Deep neural networks are revolutionizing many machine learning applications, but hundreds of trials may be needed to generate a good model architecture and associated hyperparameters. This is the challenge of model selection. It is time consuming and expensive, especially if you are only training one model at a time.

Massively parallel processing databases can have hundreds of workers, so can you use this parallel compute architecture to address the challenge of model selection for deep nets, in order to make it faster and cheaper?

It’s possible!

We will demonstrate results from this project using a version of Hyperband, which is a well known hyperparameter optimization algorithm, and the deep learning frameworks Keras and TensorFlow, all running on Greenplum database using Apache MADlib. Other topics will include architecture, scalability results and bright opportunities for the future.

We look forward to presenting this topic at FOSDEM’20!

In this session we will discuss the use of massively parallel databases for deep learning, drawing on experience from running deep learning frameworks like Keras and TensorFlow with GPU acceleration using free and open source software like Greenplum Database and the Apache MADlib machine learning library. Topics will include architecture, common usage patterns, scalability results and bright opportunities for the future.

Deep neural networks are very efficient at solving problems in domains such as computer vision, speech recognition and language translation. Once solely the purview of academia and Silicon Valley types of companies, deep learning is now making inroads in the enterprise by virtue of new algorithms, better tools, and lower costs for computation, storage and networking.

But enterprise data typically lives in relational and document form in databases, so how can you use this data for building deep learning models? You could try to move it out to a separate execution engine, but it is suboptimal to copy huge amounts of data between systems. What about the idea of building deep learning models directly in the database, bringing the compute to where the data lives?

It’s possible and I look forward to discussing this topic at FOSDEM’19!

As graph processing moves to the mainstream, a large number of specialized graph engines have emerged. However, for many enterprises, much of their important data resides in relational databases and SQL is the most common workload.
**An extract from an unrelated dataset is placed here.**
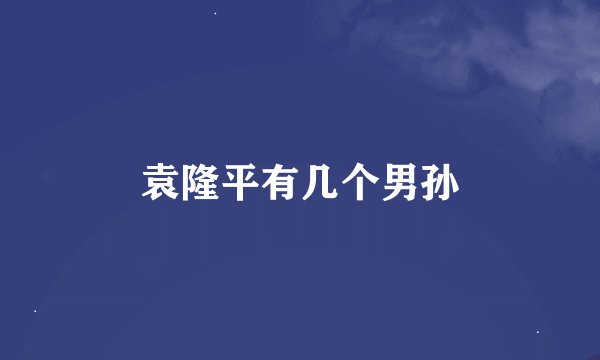 袁隆平有几个男孙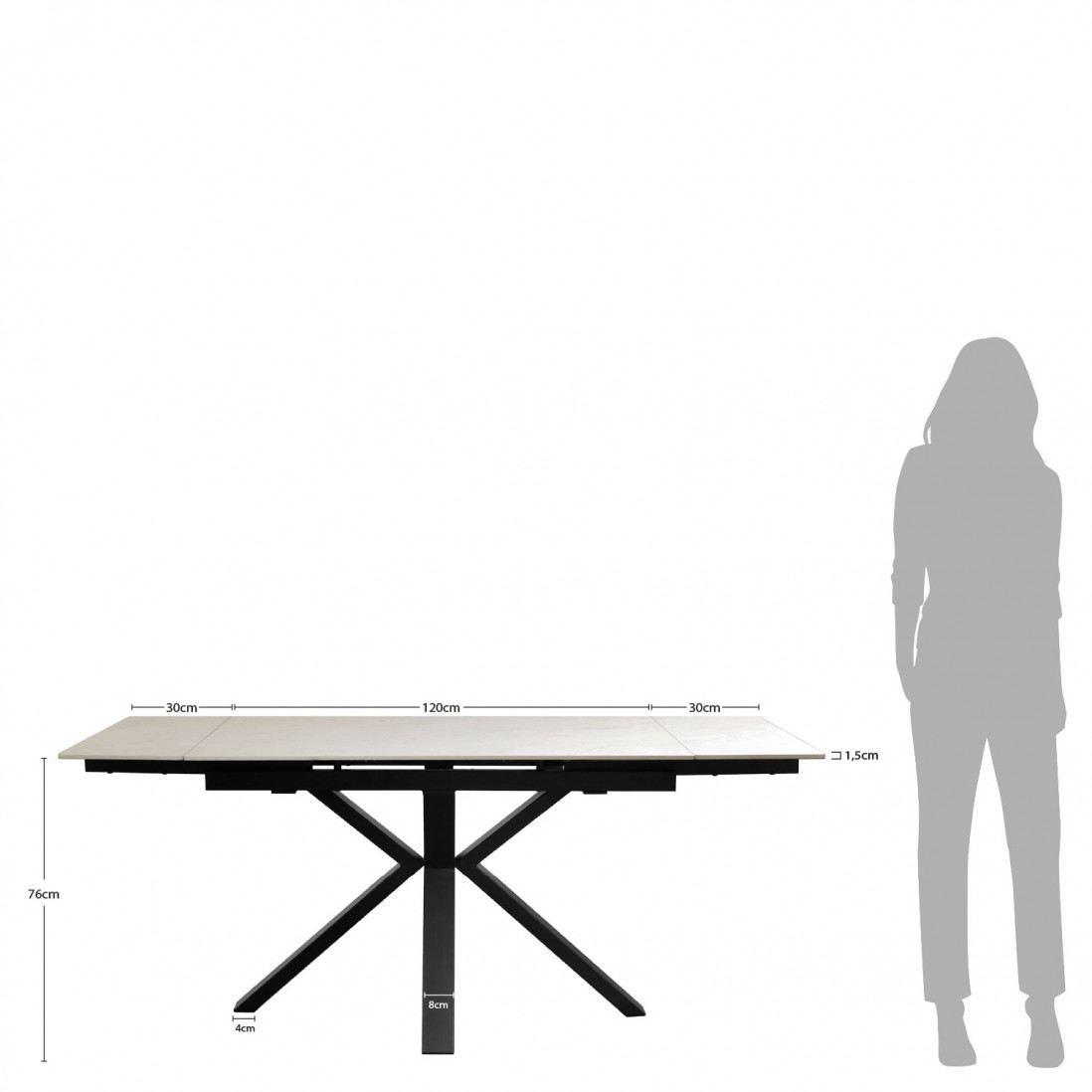 Mesa de Comedor Extensible 120(180)X80 cm Fenix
So is it reasonable to suggest that relational data processing engines can be used to solve graph problems in a productive and performant manner?

The answer to this question is: “Yes!”

In this talk, we will address the use of massively parallel processing (MPP) databases for graph analytics workloads. We will share some recent findings from the Apache MADlib (incubating) project, including design of graph data structures, implementation of common graph algorithms, and performance results.

Graph analytics is becoming an important part of enterprise computing. With roots in academia going back many decades, the last 10-15 years have seen a huge surge of interest in this topic to address a wide range of modern use cases, from cybersecurity to social networks to supply distribution chains.

Enterprises have made significant investments in infrastructure, software, and training of their employees, all centered around SQL. So how can an enterprise add graph analytics to their business without the cost and complexity of moving to specialized graph processing engines? And, what are the tradeoffs?

Graph analytics is a new area of innovation in Apache MADlib, which is a SQL-based open source library for scalable in-database analytics. It provides parallel implementations of mathematical, statistical and machine learning methods for structured and unstructured data.

Many existing analytics products do not scale in a way that makes it convenient and economical to operate on large data sets. The graph methods in Apache MADlib have been designed to take advantage of the shared-nothing, scale-out parallelism offered by modern parallel database engines.

I look forward to presenting this topic at FOSDEM 17!

Apache MADlib (incubating) is an innovative SQL-based open source library for scalable in-database analytics. It provides parallel implementations of mathematical, statistical and machine learning methods for structured and unstructured data. MADlib also has an R interface for data scientists who prefer to work in R.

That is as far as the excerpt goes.